═══ SUPPLIED MATERIAL ═══
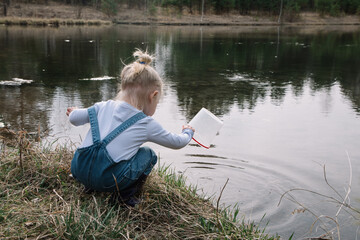 Little girl in rubber boots catches and feeds fish on the river in a jar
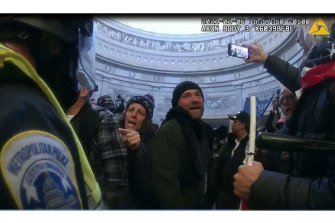 This image from Metropolitan Police Department body camera video was used to arrest Pauline Bauer, pointing second to left, taken in the Rotunda of the U.S. Capitol on January 6, 2021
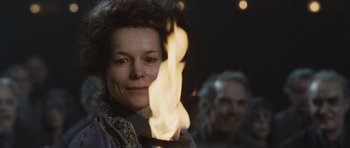 Movie still from “Silent Hill” (2006), directed by Christophe Gans – A woman is holding a candle in front of a crowd; Close Up shot, Low angle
═══
• TASK PROMPT
Type the listing above out again exactly, and omit all pictures.

• PROBLEM SOLUTION
 Little girl in rubber boots catches and feeds fish on the river in a jar
 This image from Metropolitan Police Department body camera video was used to arrest Pauline Bauer, pointing second to left, taken in the Rotunda of the U.S. Capitol on January 6, 2021
 Movie still from “Silent Hill” (2006), directed by Christophe Gans – A woman is holding a candle in front of a crowd; Close Up shot, Low angle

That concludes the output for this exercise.